Items listed in a dataset:
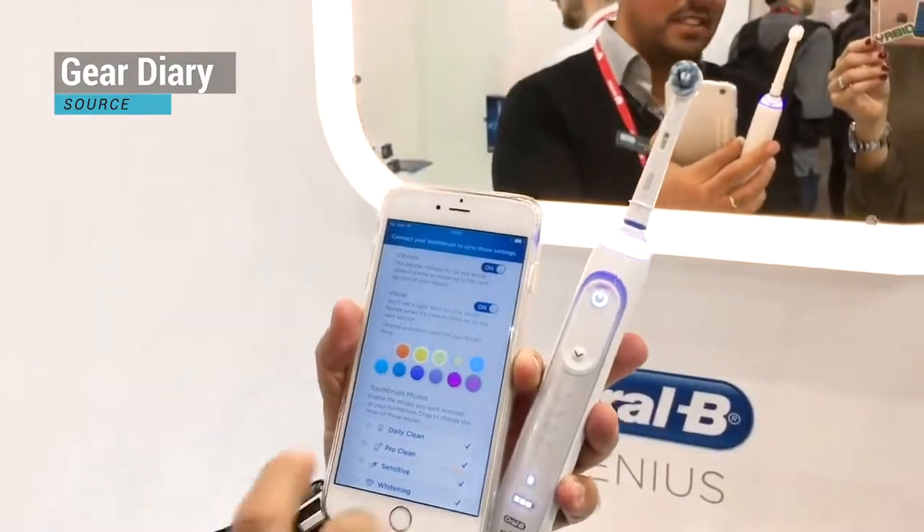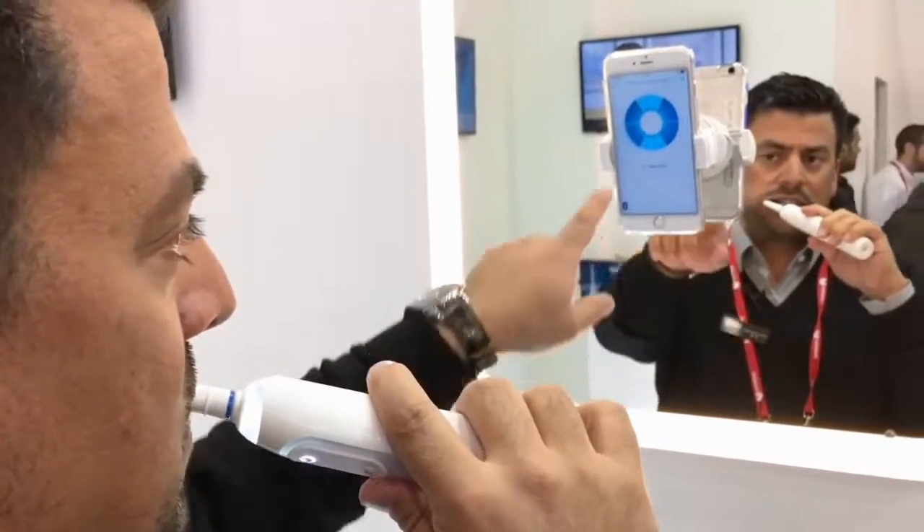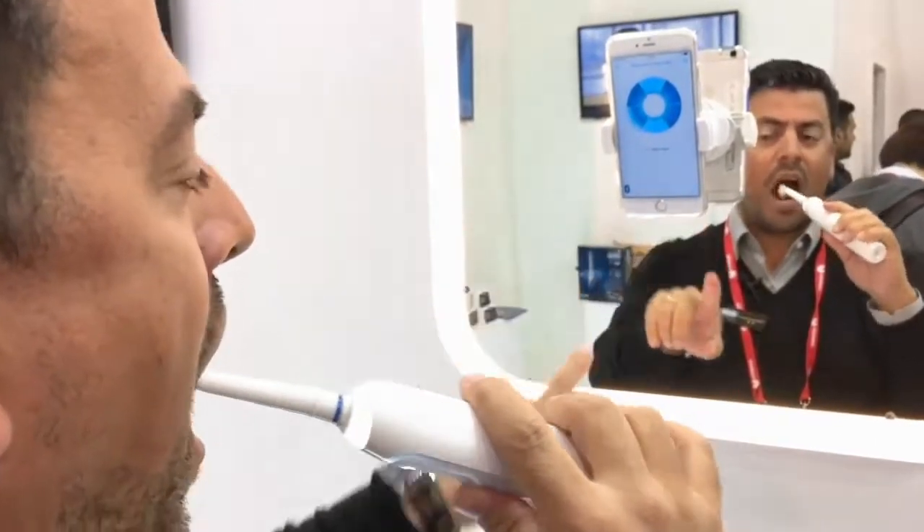It also has a really awesome app that you can connect to on your phone. The app actually shows you what surfaces you're missing on your teeth.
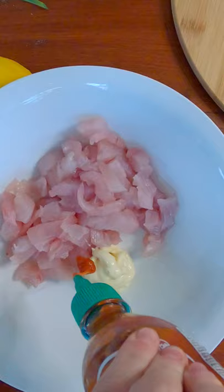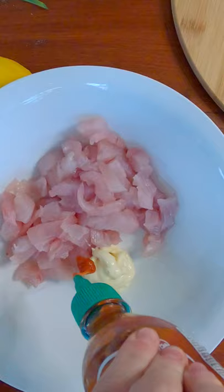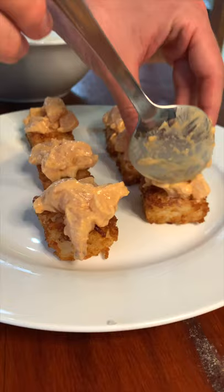Chop up some onion, mix it in with the fish along with sriracha, Japanese mayo, lemon juice, and sesame oil. Deep fry the rice squares and then put it all together.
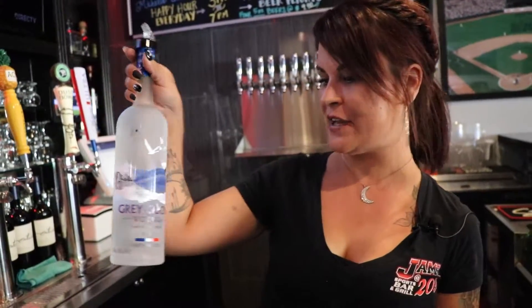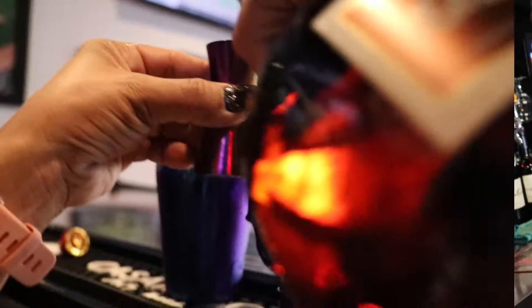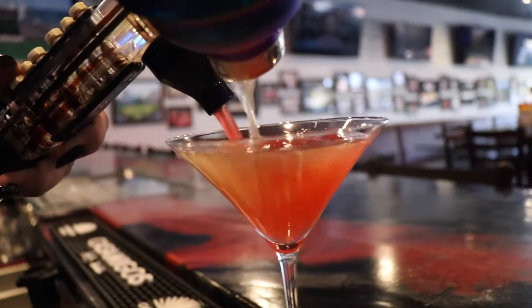So, what we have here is our Grey Goose, half a shot of our Grand Marnier, the cranberry that we put on top, and the Grand Marnier — and we're going to shake it together.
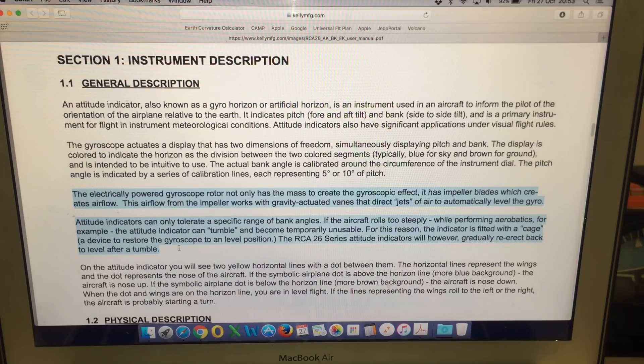Attitude indicators can only tolerate a specific range of bank angles. If the aircraft rolls too steeply while performing aerobatics, for example, the attitude indicator can tumble and become temporarily unusable. For this reason the indicator is fitted with a cage — a device to restore the gyroscope to a level position. The RCA26 series attitude indicators will however gradually re-erect back to level after a tumble, so even if you don't cage them manually, they will automatically correct themselves.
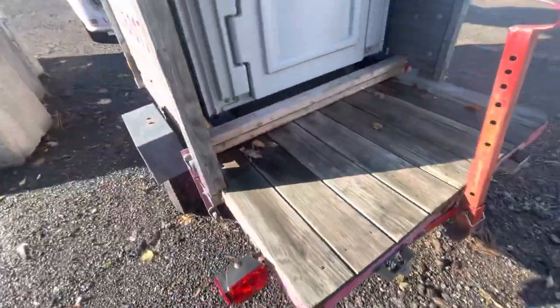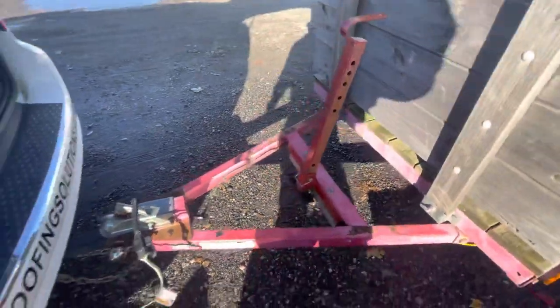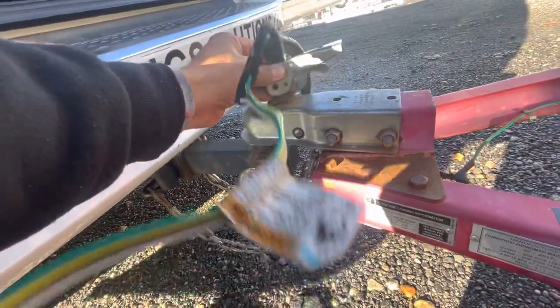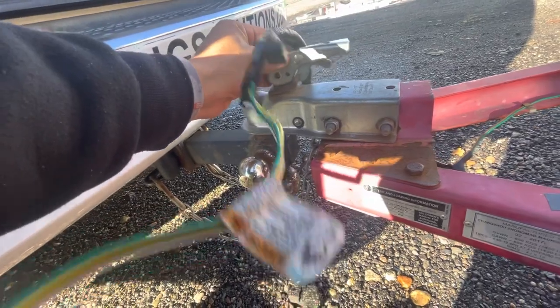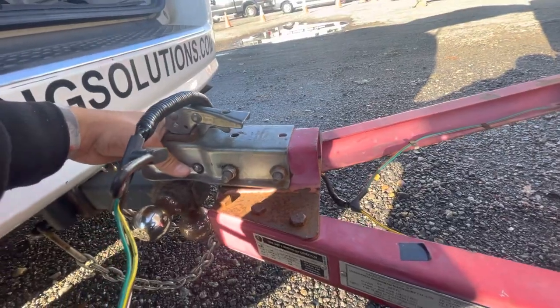These are the jacks of the trailer that keep the trailer from bouncing around when you're stationary. Same thing in the front — you got them in the back and in the front — and you got to make sure that these things are hooked underneath both of them. And this tongue here needs to be hooked in all the way, because this is what actually locks the trailer in place.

- **DESCRIPTION OF THE TASK**: Please transcribe, with no additions, the lines starting at the one that contains "Chop up some" and running through the last line of the entries, inclusive. Leave the pictures out.

- **ANSWER AREA**:
Chop up some onion, mix it in with the fish along with sriracha, Japanese mayo, lemon juice, and sesame oil. Deep fry the rice squares and then put it all together.
So, what we have here is our Grey Goose, half a shot of our Grand Marnier, the cranberry that we put on top, and the Grand Marnier — and we're going to shake it together.
Attitude indicators can only tolerate a specific range of bank angles. If the aircraft rolls too steeply while performing aerobatics, for example, the attitude indicator can tumble and become temporarily unusable. For this reason the indicator is fitted with a cage — a device to restore the gyroscope to a level position. The RCA26 series attitude indicators will however gradually re-erect back to level after a tumble, so even if you don't cage them manually, they will automatically correct themselves.
These are the jacks of the trailer that keep the trailer from bouncing around when you're stationary. Same thing in the front — you got them in the back and in the front — and you got to make sure that these things are hooked underneath both of them. And this tongue here needs to be hooked in all the way, because this is what actually locks the trailer in place.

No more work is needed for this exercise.